• About this task
Your answer should be one number, namely how many lines in the listing below include the word "Green".

────────

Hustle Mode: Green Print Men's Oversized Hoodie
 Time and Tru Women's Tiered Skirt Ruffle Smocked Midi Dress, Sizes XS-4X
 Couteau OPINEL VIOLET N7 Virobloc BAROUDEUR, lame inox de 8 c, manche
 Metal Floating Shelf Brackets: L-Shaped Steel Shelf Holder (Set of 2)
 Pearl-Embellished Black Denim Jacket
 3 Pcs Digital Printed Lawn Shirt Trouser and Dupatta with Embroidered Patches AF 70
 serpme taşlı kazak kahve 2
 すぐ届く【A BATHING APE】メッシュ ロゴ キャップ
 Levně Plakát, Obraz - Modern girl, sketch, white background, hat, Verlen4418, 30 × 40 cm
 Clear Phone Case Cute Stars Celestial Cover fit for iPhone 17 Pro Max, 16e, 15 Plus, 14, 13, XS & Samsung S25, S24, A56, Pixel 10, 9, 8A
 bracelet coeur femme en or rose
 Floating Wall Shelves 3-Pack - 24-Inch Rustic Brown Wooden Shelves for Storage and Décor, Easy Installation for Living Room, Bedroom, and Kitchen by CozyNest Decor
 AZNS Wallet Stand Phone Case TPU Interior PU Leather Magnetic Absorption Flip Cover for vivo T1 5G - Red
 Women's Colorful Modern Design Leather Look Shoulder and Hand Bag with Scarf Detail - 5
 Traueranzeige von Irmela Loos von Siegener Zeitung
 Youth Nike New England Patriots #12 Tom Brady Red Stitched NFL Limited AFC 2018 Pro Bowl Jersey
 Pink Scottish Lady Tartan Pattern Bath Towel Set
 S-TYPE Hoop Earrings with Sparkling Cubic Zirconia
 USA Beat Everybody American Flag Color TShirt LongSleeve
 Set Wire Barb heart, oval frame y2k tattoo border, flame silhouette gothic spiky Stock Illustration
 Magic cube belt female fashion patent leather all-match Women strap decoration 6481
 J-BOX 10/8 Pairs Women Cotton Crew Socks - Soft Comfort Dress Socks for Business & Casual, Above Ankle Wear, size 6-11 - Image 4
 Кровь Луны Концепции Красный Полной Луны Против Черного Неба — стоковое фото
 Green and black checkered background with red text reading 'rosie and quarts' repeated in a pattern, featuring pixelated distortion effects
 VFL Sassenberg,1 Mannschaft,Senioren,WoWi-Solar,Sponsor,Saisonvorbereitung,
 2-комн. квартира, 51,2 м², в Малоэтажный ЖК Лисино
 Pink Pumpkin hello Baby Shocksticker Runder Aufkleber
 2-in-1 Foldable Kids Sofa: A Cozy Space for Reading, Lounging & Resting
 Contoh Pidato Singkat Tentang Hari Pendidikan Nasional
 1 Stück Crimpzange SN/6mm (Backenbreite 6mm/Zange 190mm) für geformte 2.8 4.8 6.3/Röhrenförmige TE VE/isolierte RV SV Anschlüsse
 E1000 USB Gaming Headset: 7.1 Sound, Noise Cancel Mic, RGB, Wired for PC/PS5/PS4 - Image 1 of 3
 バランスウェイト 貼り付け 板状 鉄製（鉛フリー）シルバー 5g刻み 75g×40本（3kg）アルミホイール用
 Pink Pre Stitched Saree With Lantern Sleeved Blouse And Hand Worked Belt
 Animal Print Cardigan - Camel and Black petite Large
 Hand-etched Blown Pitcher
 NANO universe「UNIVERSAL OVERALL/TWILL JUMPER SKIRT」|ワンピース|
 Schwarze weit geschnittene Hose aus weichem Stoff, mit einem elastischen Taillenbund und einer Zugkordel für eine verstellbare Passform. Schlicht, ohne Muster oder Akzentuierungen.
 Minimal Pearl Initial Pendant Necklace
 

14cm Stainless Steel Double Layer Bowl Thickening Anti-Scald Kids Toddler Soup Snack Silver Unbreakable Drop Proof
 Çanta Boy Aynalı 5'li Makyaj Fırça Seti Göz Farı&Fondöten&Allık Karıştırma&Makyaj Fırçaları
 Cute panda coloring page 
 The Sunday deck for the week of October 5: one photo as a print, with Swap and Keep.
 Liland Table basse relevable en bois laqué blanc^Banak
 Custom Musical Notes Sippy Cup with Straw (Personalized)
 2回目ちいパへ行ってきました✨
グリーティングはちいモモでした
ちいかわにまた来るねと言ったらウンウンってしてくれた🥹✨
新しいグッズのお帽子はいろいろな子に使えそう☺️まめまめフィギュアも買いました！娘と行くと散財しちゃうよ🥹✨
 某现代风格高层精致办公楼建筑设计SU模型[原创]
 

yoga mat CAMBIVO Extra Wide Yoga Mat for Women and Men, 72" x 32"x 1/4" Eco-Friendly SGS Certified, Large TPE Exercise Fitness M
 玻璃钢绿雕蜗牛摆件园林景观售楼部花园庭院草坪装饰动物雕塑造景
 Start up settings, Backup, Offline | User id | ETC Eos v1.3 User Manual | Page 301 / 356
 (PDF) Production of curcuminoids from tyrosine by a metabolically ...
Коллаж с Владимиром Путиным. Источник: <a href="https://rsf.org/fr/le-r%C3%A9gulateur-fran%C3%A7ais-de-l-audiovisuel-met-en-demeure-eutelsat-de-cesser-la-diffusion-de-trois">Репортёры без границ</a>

────────

• Response to the task
2